Besides this interpretation based on age this play evokes the additional complication of racial identity, because the Talawa Theatre Company* that is performing this production wants to say something about the fashionable identity politics of today.   Don Warrington said:  '...it made me want to explore the idea of a black presence in England in that time, of which I'm absolutely sure there was historially.'   To justify this he argues that '[t]he reality that black people have lived in, and contributed to, English society for hundreds and hundred of years but have been erased from the history books is only now being gradually uncovered and discussed.' 

These remarks merely show how diverse are the interpretations springing from Shakespeare's work.   But do we need this extra complication to understand King Lear? 

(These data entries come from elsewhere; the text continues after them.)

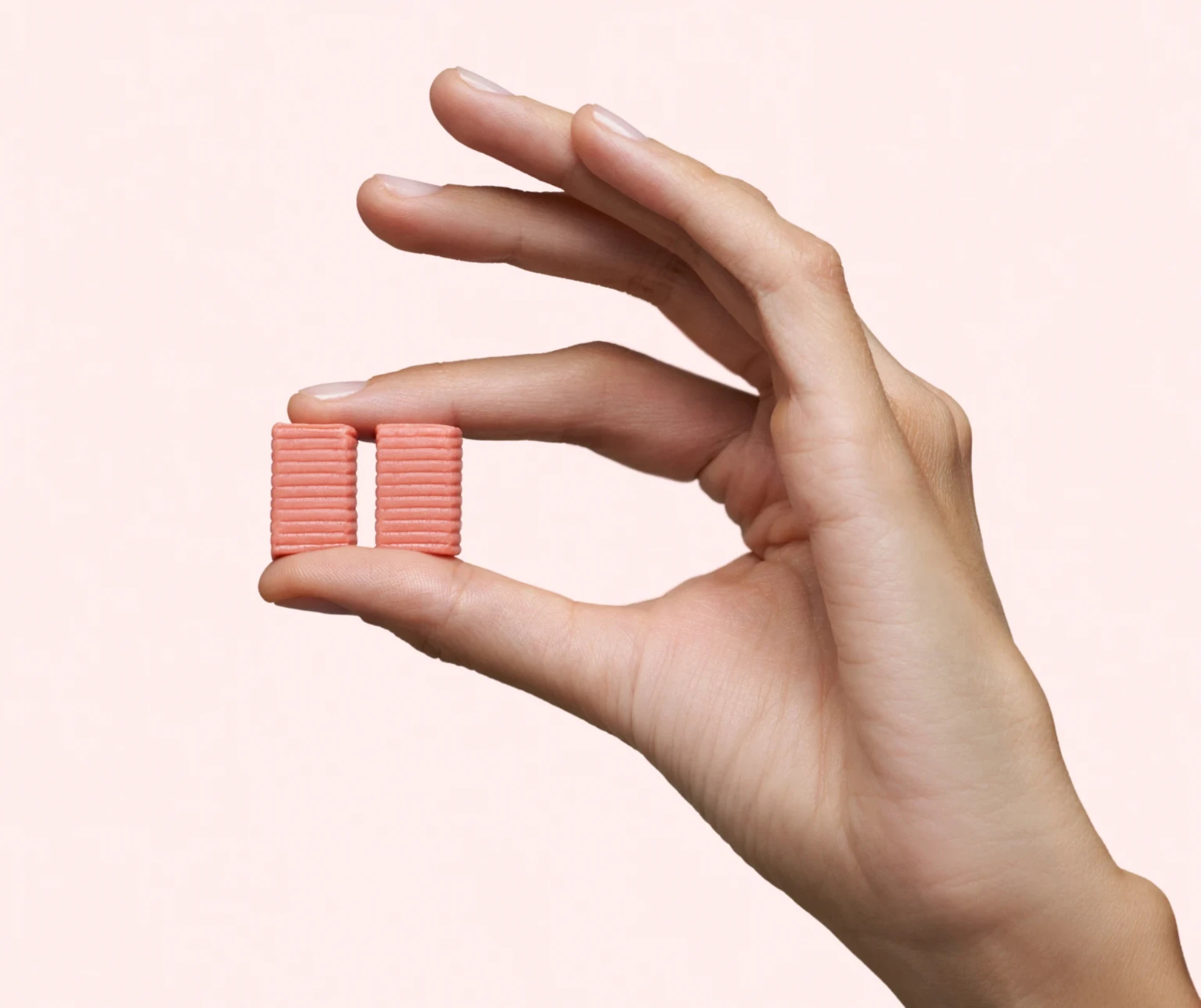 Main qui tient deux morceaux de DulcoLax Soft Chews pour montrer la couleur et la taille, devant un fond rose pâle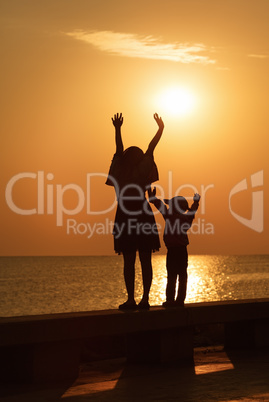 Mother and daughter at sunrise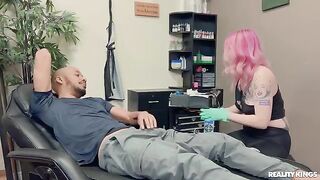 A tattooed woman is having fun with a black guy in an intense scene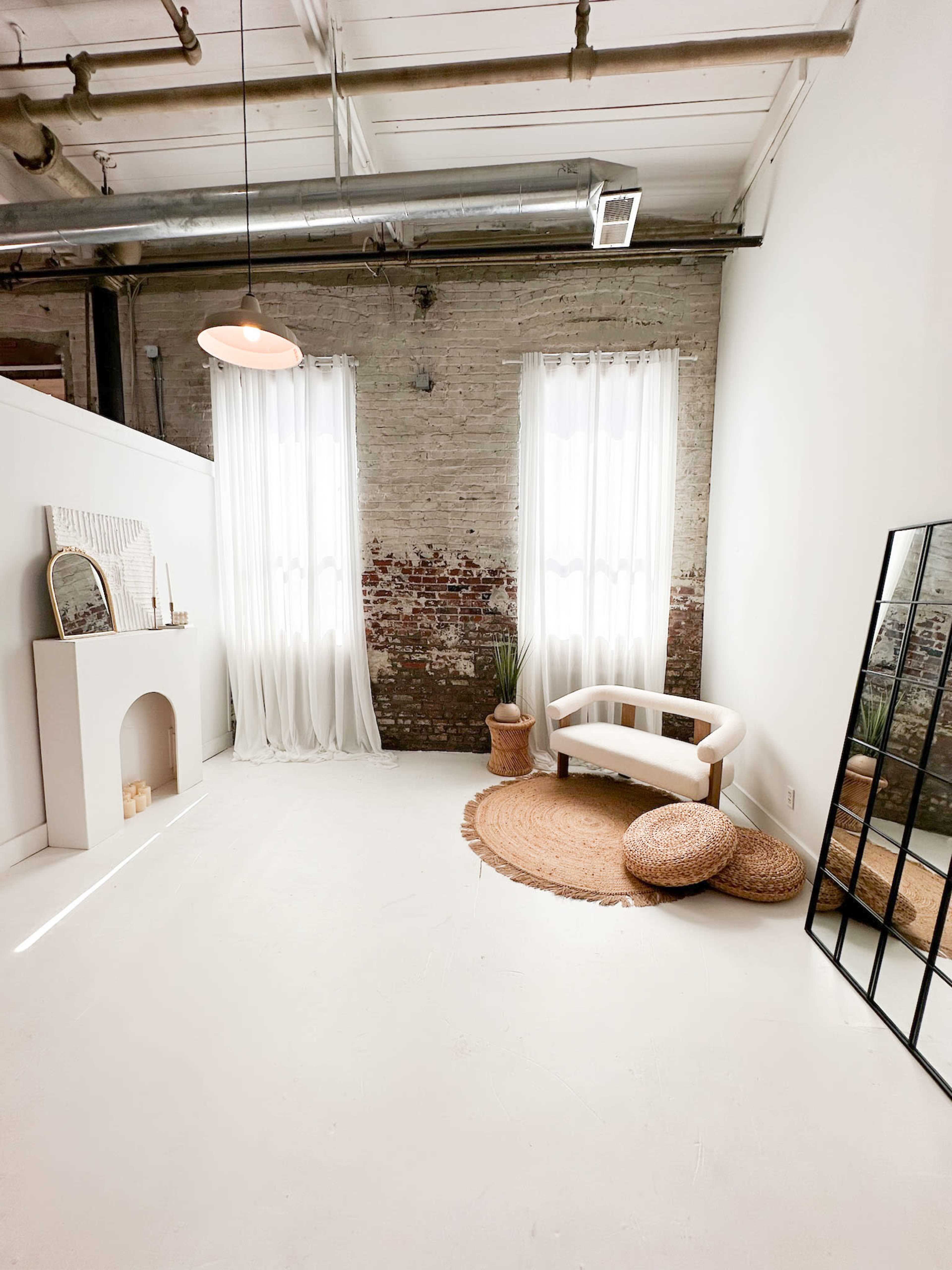 The scene features a bright, minimalist room with exposed brick walls, two large windows dressed in sheer curtains, a white sofa, a round rug, and a full-length mirror.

Mr. Buffong argues 'When I read KING LEAR, I instinctively felt it should be set where Shakespeare had originally set it:  in pagan England.' 

The notion of historical exclusion though now fashionable is not new.  In 1942, George Orwell in his essay 'Looking Back on the Spanish War' wrote:

'When I think of antiquity, the detail that frightens me is that those hundreds of millions of slaves on whose backs civilization rested generation after generation have left behind them no record whatever.  We do not even know their names.'

In contrast to what is said above about old age, dementia and perhaps madness in Lear, another interpretation of the play is that it is about renunciation of power.  As Orwell writes in another of his essays 'Lear,Tolstoy and the Fool' (March 1947):

'Lear renounces his throne but expects everyone to continue treating him as a king.  He does not see that if he surrenders power, other people will take advantage of his weakness:  also that those who flatter him the most grossly, i.e. Regan and Goneril, are exactly the ones who will turn against him.' 

This could well be a message from Niccolò Machiavelli, and it demonstrates how the play can be seen as being about power and its renunciation or about old age and dementia.  Despite these misgivings I have about the participants interpretation of the play, it is well worth trip to central Manchester to see it.
Talawa Theatre Company and its Wikipedia entry describes it thus:
Talawa Theatre Company's Mission Statement: 'Talawa is Britain's primary Black led theatre company. We create outstanding work informed by the wealth and diversity of the Black British experience. We invest in talent, build audiences and inspire dialogue with and within communities across Britain. By doing so we enrich British cultural life.'
The company's mission is to provide opportunities for black directors, writers and actors, to use black culture to enrich British theatre, and to enlarge theatre audiences seeing black work. Talawa's work embraces both literary and participation activities, finding and developing new writers and scripts, workshops for schools, colleges and corporate clients and presenting new work by emerging artists.